The sap of these flowers can be decanted into a glass or cup and diluted with water to create a nutritionally rich, glowing drink that is exceptionally sweet. Those who are not used to consuming food that has been pre digested (any race other than the Symenestra really) often say the drink has a spicy taste to it oddly enough. Removing the sap of a Lustre Blossom removes its glow and can lead to the death of the blossom unless water is used to replace the removed sap. Watered Lustre Blossoms can regain their glow and as most times regarding this flower, it is surprisingly rapid depending on the minerals available in the rock, taking anywhere from 1 day to ten.
The petals can be used to make a similarly sweet tea without the spicy taste or the glowing however.

Lustre Blossoms spread by releasing a cloud of spore-like seeds whenever a particularly rich meal has been had. During digestion of a meal rich enough to prompt sporing the blossom closes into a bud once more as it prepares the spores and will open 3 days later quite abruptly and forcefully, expelling a cloud of sap coated seeds which glow brightly, creating the illusion of mist. This sap coating assists in bonding the seed initially to the rock and in the anchoring of the first roots which are necessary to produce the blossom.
This process can occur as many times as a blossom recieves sufficient nutrients in its life time, thus caverns which are swarming with flying insects often become overrun with Lustre Blossoms. These flowers have no seasonal links due to their underground nature and bloom all year as long as they obtain nutrients.

When removed from the rock they are bonded to Lustre Blossoms leave a pitted and scarred indent in the shape that their roots spread across the rock. While difficult to bond to, Lustre Blossoms can be grown on crystals with the right help and these are known to produce the best tasting sap and regain their glow quite quickly due to the ready availability of minerals in the crystal.

Ghostcap Mushrooms:

Ghostcap Mushrooms are a hardy fungus but die off quite quickly when exposed to sunlight.

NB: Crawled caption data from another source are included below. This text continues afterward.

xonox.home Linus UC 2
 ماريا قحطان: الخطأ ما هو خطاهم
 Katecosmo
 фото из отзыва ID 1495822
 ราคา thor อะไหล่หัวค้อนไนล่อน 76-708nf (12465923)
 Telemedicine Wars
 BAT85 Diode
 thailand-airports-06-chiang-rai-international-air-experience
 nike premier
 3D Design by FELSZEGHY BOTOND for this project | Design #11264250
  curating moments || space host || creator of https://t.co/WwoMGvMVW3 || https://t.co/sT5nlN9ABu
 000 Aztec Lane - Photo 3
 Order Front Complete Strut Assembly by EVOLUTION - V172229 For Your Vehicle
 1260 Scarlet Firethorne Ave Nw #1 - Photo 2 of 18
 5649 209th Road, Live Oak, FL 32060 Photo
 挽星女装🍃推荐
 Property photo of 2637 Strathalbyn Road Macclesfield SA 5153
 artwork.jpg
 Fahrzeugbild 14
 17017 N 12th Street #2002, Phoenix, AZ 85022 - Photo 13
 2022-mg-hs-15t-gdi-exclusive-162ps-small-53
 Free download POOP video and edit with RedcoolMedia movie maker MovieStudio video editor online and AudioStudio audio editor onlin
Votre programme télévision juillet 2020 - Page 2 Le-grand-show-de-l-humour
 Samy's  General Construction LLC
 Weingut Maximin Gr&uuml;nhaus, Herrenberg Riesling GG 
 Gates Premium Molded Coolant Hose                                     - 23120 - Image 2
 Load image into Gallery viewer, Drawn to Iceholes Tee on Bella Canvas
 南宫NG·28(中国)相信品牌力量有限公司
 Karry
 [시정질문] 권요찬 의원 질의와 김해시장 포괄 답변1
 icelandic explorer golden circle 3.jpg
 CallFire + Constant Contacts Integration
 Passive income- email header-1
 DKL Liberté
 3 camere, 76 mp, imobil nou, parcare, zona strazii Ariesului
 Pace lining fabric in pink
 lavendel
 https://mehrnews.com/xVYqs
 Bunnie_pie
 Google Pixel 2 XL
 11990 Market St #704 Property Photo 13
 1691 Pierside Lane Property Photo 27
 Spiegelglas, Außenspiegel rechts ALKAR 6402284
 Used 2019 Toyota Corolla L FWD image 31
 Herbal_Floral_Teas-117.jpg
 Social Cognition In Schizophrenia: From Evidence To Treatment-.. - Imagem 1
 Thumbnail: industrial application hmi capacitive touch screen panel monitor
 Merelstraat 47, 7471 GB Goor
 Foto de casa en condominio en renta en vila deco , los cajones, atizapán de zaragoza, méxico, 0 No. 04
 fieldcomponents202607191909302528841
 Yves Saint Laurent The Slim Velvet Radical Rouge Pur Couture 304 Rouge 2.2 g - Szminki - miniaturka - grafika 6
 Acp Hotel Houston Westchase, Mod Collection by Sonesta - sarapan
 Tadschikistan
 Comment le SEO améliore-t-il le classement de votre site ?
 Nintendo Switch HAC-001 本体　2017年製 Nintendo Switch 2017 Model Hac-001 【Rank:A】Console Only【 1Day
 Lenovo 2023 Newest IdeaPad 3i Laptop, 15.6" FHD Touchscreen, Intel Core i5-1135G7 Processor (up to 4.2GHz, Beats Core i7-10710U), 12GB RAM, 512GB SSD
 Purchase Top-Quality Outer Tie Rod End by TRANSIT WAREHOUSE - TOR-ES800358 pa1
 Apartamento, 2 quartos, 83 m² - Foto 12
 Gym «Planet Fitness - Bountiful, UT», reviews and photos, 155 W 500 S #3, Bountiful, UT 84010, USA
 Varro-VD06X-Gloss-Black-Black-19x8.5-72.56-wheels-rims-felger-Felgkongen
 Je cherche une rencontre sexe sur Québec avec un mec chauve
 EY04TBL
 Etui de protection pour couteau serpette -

They are named for their characteristic pale, semi translucent cap and can grow only in deep, dark caverns. While they do not require much moisture to sprout, they amount present speeds up the process and increases the size of the resulting fungus colony. Spores are realeased slowly for the entire duration of winter, or at any time when the air of the cavern drops colder than usual. Ghostcaps monitor temperature through a liquid on their caps which is "calibrated" as soon as the caps grow large enough to secrete the syrupy fluid. Due to the long time it takes for ghostcaps to sprout those spores which begin growing in winter or during a cold span in the cave will only sprout caps 2 seasons onwards. It is uncommon, but not unheard of for caps to sprout in winter, meaning they will be unlikely to ever release spores. These mushrooms become a danger during their sporing times as the small, airborne spores tend to fill the cavern and when inhaled grow readily throughout the creatures respiratory system on account of the dark, damp location.
Apart from this danger the fluid coating their caps makes an effective burn salve or a disinfectant, but the mushroom itself is largely useless apart from being used as a form of incense. Consuming the mushroom is non fatal but can result in vomiting and bowel pains.